I. 17th Century Playlist (Theatre of the Ayre/Ed Lyon, t.). Delphian DCD34220.

From Presto Music:

Interview, Ed Lyon on his 17th-Century Playlist

by Katherine Cooper

The English tenor Ed Lyon has an impressive string of oratorio and opera recordings to his name, but has bided his time before making his debut solo album; released tomorrow on Delphian, 17th Century Playlist sees him joining forces with Theatre of the Ayre (featuring lutenist and theorbist Liz Kenny, whom David interviewed earlier this summer) for a programme of mostly unfamiliar but often irresistibly catchy songs by composers including Landi, Dowland, Guédron and Cavalli. We met up in London towards the end of the summer to talk about why he thinks there’s ‘nothing quite as sexy as baroque music’, the parallels between seventeenth-century songs and pop, and how the album reflects current listening trends.

You have quite a substantial discography in oratorio, but this is your first solo album: how did it come about?

In December 2017 I was at home recovering from a spine operation and had a lot of time to reflect on the business of singing, and it occurred to me how little making singers actually get to do in their careers. That isn’t a criticism, it’s just a statement of fact - particularly if you’re not one of the people who is on the recital-circuit, which I’m not (I’ve sung one recital in my entire life!). In most opera productions there’s somebody who tells you where to stand, somebody who tells you what to feel, somebody else who tells you what to say and how to pronounce it, somebody else tells you what speed it’s going to go, and yet another person who tells you what you’re going to wear. I’ve always had quite a strong desire to make things from scratch, but that’s generally been channelled into hobbies and outside interests: I’m quite into painting and calligraphy, and do illuminated manuscripts of my own as an outlet for that urge to create. So there I was sitting at home in Cheltenham and I thought: ‘What is it that I want to make?’. And that took me back to my abiding love of baroque music, which is still my go-to listen; I’ve always had quite a varied repertoire, but I just hit forty which is a bit of a turning-point vocally, so I thought it was a good opportunity to explore some of the earlier stuff that I’d always wanted to do but never got the chance; I’ve loved the Landi songs which are on the album for ten years. 
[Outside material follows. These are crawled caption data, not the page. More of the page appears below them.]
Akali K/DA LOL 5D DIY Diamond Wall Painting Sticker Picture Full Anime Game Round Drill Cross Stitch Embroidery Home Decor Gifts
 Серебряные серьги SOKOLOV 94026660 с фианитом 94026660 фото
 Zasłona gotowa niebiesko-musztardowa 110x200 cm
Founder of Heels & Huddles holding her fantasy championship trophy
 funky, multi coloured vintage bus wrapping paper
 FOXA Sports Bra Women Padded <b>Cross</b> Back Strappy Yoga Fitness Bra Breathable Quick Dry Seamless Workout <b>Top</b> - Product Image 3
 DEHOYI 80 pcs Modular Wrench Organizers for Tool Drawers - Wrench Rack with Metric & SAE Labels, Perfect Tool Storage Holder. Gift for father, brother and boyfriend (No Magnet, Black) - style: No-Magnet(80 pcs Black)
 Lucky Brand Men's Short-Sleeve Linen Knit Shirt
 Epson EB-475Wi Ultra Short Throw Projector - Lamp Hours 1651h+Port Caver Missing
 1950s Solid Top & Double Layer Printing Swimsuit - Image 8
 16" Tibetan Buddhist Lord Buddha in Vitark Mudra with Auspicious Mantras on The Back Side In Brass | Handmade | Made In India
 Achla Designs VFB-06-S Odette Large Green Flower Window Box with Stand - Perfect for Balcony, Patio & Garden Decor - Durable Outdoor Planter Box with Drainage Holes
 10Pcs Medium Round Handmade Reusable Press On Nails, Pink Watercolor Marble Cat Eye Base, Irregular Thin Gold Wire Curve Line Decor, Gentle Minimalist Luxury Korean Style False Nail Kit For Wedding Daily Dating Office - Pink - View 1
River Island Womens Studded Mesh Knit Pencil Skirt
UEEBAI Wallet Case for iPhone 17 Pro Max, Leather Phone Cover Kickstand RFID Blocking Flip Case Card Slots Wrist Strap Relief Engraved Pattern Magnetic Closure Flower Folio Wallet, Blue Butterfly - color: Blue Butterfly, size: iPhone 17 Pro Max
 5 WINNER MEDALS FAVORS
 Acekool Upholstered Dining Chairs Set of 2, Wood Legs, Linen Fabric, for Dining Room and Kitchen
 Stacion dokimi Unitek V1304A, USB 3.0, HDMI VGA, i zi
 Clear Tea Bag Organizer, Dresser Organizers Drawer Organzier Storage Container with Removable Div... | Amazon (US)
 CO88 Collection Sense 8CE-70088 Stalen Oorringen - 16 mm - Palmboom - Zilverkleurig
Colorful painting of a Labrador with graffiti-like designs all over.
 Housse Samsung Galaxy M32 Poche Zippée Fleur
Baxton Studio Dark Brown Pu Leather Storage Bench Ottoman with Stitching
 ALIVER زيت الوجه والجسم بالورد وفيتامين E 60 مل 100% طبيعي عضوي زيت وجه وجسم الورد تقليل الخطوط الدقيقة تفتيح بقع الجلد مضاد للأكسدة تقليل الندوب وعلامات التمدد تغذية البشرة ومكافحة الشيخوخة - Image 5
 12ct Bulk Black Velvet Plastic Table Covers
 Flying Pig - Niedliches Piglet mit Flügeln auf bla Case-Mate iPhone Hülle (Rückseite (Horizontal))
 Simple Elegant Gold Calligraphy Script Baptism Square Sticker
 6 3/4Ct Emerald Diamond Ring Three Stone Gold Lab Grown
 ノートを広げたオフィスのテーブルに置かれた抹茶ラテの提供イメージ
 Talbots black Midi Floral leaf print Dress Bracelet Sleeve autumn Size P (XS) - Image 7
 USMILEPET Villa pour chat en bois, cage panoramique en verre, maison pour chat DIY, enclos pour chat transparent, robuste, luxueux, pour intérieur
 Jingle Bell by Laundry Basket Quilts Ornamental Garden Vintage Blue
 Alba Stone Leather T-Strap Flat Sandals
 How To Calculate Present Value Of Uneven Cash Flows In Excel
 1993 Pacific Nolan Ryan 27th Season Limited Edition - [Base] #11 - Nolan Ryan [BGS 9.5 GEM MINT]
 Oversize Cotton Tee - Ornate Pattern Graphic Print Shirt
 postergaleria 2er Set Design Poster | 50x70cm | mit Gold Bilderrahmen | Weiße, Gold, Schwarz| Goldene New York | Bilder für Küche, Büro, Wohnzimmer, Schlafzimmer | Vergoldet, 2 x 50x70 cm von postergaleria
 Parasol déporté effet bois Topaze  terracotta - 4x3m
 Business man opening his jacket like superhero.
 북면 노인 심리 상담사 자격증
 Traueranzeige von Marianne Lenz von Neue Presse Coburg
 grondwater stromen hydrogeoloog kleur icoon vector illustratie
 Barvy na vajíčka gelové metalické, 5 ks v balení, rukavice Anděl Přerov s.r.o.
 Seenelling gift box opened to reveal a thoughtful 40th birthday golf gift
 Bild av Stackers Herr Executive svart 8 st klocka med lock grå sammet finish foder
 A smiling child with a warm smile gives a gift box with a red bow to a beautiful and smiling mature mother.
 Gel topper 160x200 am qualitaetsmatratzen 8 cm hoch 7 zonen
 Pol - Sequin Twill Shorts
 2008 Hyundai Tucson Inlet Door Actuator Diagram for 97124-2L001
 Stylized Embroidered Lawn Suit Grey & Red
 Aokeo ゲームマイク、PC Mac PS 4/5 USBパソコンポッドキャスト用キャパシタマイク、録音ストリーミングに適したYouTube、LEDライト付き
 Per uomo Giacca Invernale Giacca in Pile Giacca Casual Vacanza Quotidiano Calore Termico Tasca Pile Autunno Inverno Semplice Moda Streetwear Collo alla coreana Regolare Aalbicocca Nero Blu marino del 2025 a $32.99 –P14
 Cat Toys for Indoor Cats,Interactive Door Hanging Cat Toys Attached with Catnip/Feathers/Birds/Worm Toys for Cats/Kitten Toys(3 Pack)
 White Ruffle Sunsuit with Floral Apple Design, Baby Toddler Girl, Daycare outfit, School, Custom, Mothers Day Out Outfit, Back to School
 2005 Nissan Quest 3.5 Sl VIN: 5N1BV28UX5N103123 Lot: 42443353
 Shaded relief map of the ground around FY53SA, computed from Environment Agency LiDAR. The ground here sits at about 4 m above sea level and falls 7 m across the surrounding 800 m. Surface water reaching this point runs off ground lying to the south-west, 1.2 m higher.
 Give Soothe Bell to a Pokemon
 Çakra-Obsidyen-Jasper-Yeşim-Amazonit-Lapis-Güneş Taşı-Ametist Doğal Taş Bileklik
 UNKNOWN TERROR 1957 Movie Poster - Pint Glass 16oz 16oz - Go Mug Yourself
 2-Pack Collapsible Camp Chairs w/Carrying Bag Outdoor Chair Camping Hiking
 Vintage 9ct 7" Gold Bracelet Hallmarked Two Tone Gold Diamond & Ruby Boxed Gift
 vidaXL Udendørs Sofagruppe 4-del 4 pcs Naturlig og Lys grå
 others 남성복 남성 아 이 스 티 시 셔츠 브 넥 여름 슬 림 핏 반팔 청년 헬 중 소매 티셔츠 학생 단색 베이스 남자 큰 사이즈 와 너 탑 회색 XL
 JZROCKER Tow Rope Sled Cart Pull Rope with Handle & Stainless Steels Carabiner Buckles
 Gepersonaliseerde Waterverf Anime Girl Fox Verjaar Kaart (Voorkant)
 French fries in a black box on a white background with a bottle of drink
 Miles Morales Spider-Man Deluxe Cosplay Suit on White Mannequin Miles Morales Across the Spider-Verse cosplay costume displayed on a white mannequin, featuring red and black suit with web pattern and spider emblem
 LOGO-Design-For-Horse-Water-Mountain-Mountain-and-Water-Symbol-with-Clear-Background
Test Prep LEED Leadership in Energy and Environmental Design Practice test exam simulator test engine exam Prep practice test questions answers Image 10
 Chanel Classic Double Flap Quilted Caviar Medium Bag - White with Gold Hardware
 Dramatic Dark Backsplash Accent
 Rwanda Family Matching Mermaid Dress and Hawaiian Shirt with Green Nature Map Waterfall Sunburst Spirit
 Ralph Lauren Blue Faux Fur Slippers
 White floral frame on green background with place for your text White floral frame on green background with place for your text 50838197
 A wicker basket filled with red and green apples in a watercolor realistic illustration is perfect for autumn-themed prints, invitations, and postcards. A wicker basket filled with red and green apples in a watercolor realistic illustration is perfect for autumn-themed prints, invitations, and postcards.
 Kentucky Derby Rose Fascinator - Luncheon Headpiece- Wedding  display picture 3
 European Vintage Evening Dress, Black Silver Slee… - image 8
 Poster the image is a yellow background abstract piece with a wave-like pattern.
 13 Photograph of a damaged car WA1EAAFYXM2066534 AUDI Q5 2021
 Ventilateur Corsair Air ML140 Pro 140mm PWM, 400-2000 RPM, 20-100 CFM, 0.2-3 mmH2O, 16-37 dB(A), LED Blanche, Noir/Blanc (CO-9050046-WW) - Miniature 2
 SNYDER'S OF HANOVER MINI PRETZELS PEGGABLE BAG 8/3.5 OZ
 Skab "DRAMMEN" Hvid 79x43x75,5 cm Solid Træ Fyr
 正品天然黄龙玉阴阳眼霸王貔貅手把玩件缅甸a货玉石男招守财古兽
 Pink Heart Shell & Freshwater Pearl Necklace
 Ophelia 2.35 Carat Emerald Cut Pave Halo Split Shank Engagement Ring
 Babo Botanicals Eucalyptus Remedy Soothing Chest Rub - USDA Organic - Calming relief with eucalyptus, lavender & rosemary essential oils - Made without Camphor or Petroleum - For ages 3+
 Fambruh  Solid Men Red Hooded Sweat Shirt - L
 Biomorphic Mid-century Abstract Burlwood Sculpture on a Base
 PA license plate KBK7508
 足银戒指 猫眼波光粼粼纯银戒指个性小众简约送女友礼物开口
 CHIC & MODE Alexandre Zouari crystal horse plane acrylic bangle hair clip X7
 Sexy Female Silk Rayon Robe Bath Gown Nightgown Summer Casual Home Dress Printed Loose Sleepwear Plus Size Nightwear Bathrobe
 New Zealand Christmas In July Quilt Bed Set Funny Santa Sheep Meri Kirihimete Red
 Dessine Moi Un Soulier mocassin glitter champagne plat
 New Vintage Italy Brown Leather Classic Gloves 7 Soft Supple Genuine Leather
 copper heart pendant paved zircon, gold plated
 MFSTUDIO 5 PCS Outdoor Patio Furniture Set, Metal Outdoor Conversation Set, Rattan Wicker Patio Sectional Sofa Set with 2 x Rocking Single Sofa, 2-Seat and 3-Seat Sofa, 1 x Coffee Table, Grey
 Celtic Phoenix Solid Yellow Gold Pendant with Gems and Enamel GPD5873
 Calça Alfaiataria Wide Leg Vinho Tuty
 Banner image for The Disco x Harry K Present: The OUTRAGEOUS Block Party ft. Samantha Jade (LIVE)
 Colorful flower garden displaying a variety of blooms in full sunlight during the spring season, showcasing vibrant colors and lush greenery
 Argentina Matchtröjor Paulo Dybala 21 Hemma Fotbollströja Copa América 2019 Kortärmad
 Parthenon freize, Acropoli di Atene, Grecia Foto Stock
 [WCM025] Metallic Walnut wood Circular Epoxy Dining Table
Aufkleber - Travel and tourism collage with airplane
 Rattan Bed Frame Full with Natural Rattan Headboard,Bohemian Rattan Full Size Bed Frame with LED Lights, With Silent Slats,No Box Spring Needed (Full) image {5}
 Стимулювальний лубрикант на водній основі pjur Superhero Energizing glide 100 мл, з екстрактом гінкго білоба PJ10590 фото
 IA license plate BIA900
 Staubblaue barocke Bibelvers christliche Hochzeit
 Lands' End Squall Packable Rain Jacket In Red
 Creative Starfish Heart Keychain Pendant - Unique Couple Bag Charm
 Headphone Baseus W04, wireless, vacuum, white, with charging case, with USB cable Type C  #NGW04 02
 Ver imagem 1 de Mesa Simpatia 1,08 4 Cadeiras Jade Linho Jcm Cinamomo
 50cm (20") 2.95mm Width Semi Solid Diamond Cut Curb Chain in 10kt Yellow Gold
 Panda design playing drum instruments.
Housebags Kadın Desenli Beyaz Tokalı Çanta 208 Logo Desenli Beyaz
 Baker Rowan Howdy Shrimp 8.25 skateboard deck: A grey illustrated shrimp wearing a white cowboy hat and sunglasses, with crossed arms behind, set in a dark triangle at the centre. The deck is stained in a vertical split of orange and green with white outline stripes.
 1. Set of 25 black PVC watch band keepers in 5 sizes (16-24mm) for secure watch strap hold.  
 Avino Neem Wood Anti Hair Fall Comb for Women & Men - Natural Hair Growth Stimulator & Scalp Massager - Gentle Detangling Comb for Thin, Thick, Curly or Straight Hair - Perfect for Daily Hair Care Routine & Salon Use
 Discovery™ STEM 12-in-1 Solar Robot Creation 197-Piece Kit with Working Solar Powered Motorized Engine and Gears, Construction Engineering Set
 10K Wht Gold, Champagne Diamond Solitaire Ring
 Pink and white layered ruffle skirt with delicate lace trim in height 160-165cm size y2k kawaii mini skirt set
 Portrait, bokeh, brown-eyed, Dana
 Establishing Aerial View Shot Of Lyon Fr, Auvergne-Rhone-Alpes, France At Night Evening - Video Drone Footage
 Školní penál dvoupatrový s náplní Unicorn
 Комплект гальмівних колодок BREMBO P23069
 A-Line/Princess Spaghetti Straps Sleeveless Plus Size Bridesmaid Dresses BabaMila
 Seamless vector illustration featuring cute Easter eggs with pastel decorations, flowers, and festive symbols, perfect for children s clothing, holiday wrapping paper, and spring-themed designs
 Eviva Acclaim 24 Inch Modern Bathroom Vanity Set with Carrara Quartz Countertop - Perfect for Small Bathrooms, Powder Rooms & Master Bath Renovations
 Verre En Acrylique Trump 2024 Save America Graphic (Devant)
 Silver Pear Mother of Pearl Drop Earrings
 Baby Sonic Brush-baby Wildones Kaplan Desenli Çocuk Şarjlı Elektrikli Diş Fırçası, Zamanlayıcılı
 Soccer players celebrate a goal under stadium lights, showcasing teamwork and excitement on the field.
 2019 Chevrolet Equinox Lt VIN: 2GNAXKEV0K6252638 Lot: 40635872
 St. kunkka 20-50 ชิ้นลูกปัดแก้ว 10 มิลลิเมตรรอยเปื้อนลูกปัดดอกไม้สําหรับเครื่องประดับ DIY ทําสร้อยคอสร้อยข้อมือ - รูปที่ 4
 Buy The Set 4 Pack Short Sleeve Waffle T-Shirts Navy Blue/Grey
I figured that almost everything on the album would be new to almost everybody, except the Dowland and perhaps Lambert’s Vos mépris chaque jour. The music really does rely on me and this band to bring it to life, and it’s so exciting to think that a lot of people will be hearing these songs for the first time, sung and performed by us. It’s very different from doing a mainstream album of songs or arias and being compared to Bostridge or Langridge, or even legends like Caruso or Pavarotti. 

Had you worked with this particular band before?

The continuo team for the album is pretty much the same line-up that we had for L’Ormindo at the Globe in 2015, which was an incredibly rewarding experience for me: I grew up wanting to be an actor before I got into music, and in L’Ormindo I found the perfect synthesis of those things. It was one of the first times that I felt liberated as an actor, because there was no conductor and no monitors: essentially, the musicians just had to listen and to know the score really well, and they responded absolutely brilliantly.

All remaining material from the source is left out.